Who Really Won?

Wednesday, September 07, 2005

Hope In Ohio?

The Ohio secretary of state announced yesterday that a series of election-related constitutional amendments had qualified for the November ballot, including one intended to strip Republican elected officials of their control over drawing legislative districts.

The amendments are sponsored by Reform Ohio Now, a coalition dominated by Democrats, unions and watchdog groups. It celebrated the announcement and said a statewide campaign to win approval in November had begun.

"It's not like we're posting yard signs yet, but we're close to that," the campaign manager of Reform Ohio Now, Scarlett Bauder, said. "Right now the time is ripe for reform."

The State Supreme Court rejected last month a Republican-backed move to disqualify the measures, but a second suit by a former Republican state senator is to be heard tomorrow in an appeals court in Columbus.

The former senator, Richard H. Finan, wants the amendments declared invalid because Secretary of State J. Kenneth Blackwell allowed Reform Ohio Now to use out-of-state signature gatherers.

Mr. Finan has said the redistricting measure, if approved, could cost Republicans in Ohio 6 of their 12 seats in Congress and would probably inspire similar Democratic-backed efforts in other states dominated by Republicans.

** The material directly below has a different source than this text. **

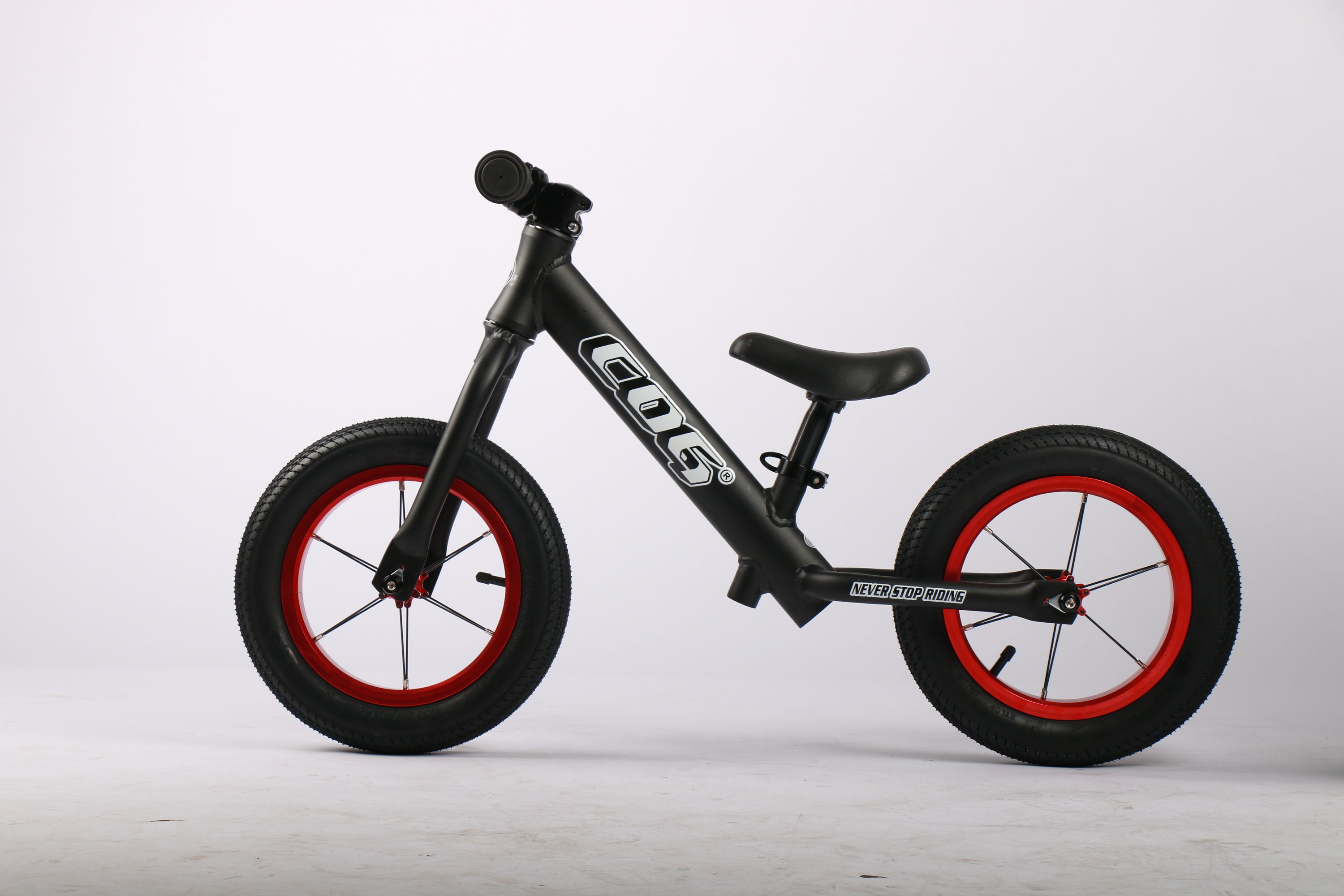 幼儿平衡车滑步车学步车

A spokesman for the Ohio First Education Fund, a group founded by Mr. Finan, said Republicans were moving forward with fund-raising in case they lost the court battle.

The spokesman, David L. Hopcraft, said the campaign was drawing money from outside the state because of Ohio's significance as a swing state in presidential elections, though he did not give specific dollar amounts.

"If the issues make it to the ballot," Mr. Hopcraft said, "we will have a vigorous campaign that speaks to the ballot-box power of every Ohioan, which we think is clearly threatened under these amendments."

"These issues," he added, "are being backed by people who did not like the results of the last election and want to nullify Ohio's vote."

Ms. Bauder said Reform Ohio Now, which has raised $1.2 million, had enemies on both sides of the aisle.

"To me, that says it is true reform, because people in both parties don't like it," she said.